Preparing files for coding

We’ll use a simple example for demonstration purposes: the pronounciation of the with a full [i] vowel vs. a reduced [ə] vowel. To make this a manageable dataset, we’ll only look at tokens from a single short transcript, CB01pairs.eaf.

  1. Search for tokens on the Search page.
  2. On the Search results page:
    1. Open the options panel for CSV Export
    2. Set Include annotation start/end times: to (always) if manually, automatically, or default aligned
    3. Click CSV Export
    4. Click Utterance Export
      • This will download a .zip folder with Praat TextGrids, one for each utterance that contains a search result
    5. Click Audio Export
      • This will download a .zip folder with audio files, one for each utterance that contains a search result
  3. Unzip the two .zip folders you just downloaded
  4. Back on the Search results page, copy the search name from the title at the top of the page.

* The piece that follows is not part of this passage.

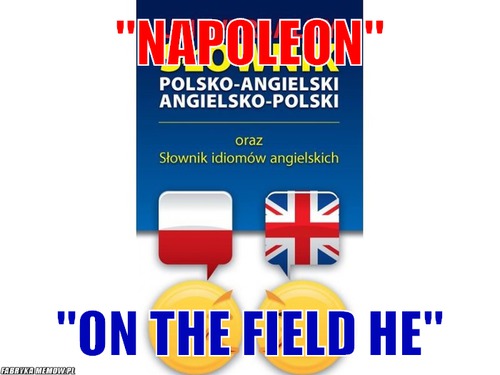 &quot;napoleon&quot; – &quot;napoleon&quot; &quot;on the field he&quot;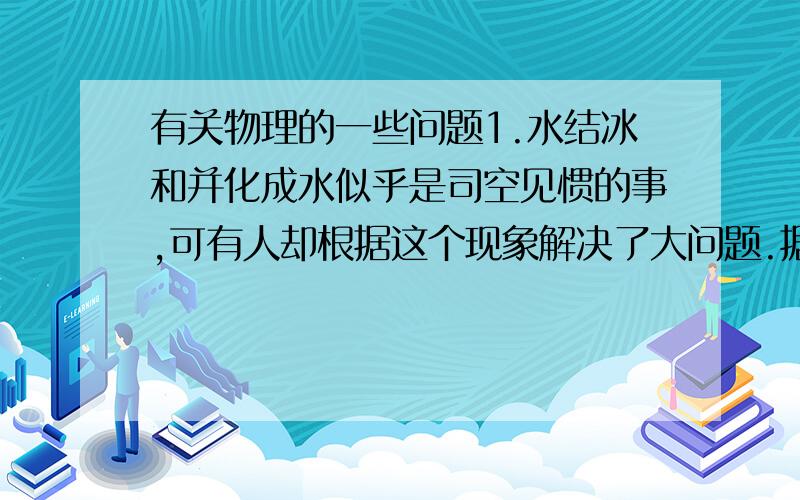 有关物理的一些问题1.水结冰和并化成水似乎是司空见惯的事,可有人却根据这个现象解决了大问题.据说：在第二次大战前,有一个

By default, CodeTokens.praat looks for these files in your Downloads folder. If you download them to a different folder, change the Input folder setting on the basic settings window

For the example search, here’s what the exported CSV looks like:

Here’s what the unzipped folder of TextGrids looks like:

For this search, the search name is orthography=the:

Running CodeTokens.praat

  1. Open CodeTokens.praat in Praat.
  2. Run the script by clicking the Run menu then Run

Initial settings

This will bring up the basic settings window. Most settings have defaults that should work for most cases (see below for information on other settings). At the very least, you’ll need to:

  1. Paste the search name in the box under Search name:
    • CodeTokens.praat uses this to find the files you downloaded from the Search results page.
  2. Specify the variants you want to code for in the box next to Variants:
    • Use commas to separate variants, like diphthong,monophthong,intermediate or Full vowel,Reduced
    • CodeTokens.praat uses this to set up the variant options in the coding screen.

Coding screen

Once you’ve specified settings, click Continue to start coding. CodeTokens.praat will open a coding screen and autoplay a token. Here’s what that looks like:

As you can see, the coding screen consists of two windows:

  • A TextGrid window with the audio and time-aligned annotations for a single token
    • In the previous image, this is the window with the title 3. TextGrid CB01pairs__110_670-112_280.
    • The audio and annotations include the token itself (highlighted in pink) and some context before and after.
  • A popup window with coding options
    • In the previous image, this is the window with the title Pause: Code this token

To code the token, on the popup window, click the variant you hear, then click Code. When you click Code, the script will fill the code into the coding column at the row corresponding to this token, then it will open a coding screen for the next token.

Instead of clicking Code, you can also press Enter (on a Windows keyboard) or Return (on a Mac keyboard).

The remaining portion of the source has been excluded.